Information supplied:

────

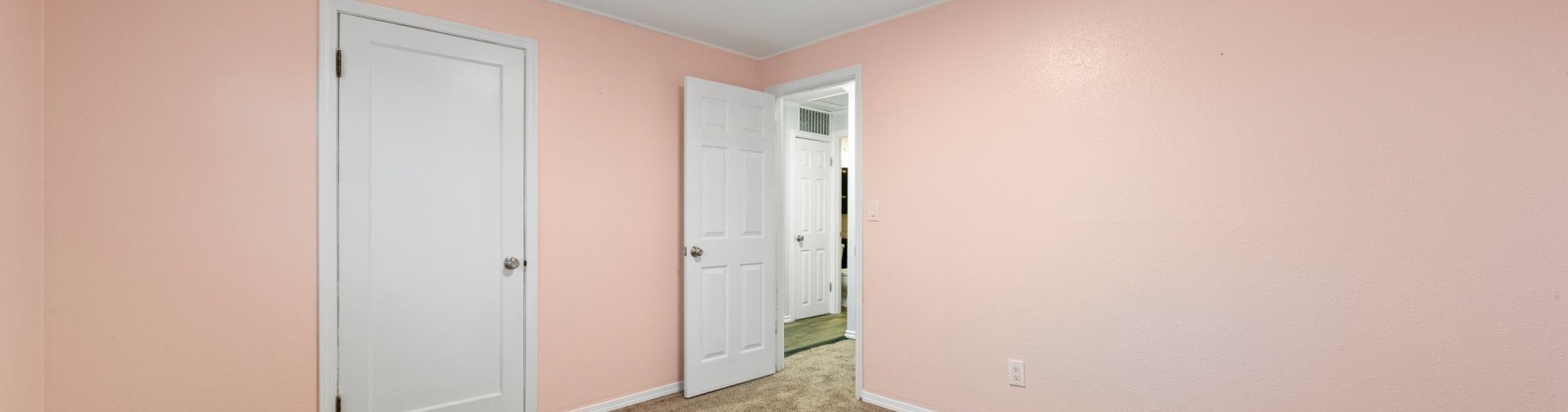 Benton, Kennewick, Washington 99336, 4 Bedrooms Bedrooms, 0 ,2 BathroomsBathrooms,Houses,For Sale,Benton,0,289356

────

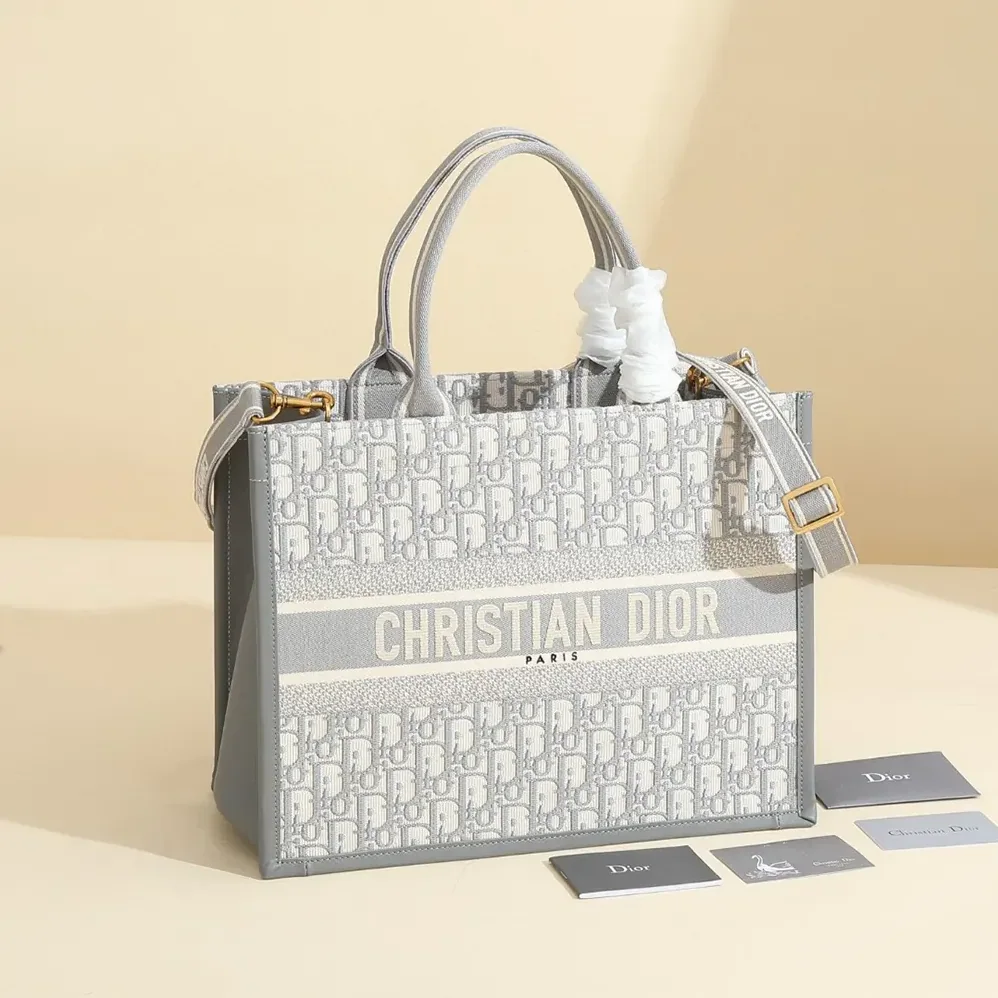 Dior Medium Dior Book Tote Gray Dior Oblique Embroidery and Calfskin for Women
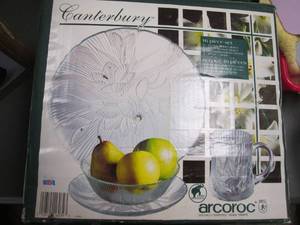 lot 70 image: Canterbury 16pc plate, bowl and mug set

────

What to do:
Beginning at the line above that contains "Dior Medium Dior" and going on through the line that contains "lot 70 image: Canterbury", please copy every line exactly, leaving the pictures out and adding nothing.

Reply to the task:
 Dior Medium Dior Book Tote Gray Dior Oblique Embroidery and Calfskin for Women
 lot 70 image: Canterbury 16pc plate, bowl and mug set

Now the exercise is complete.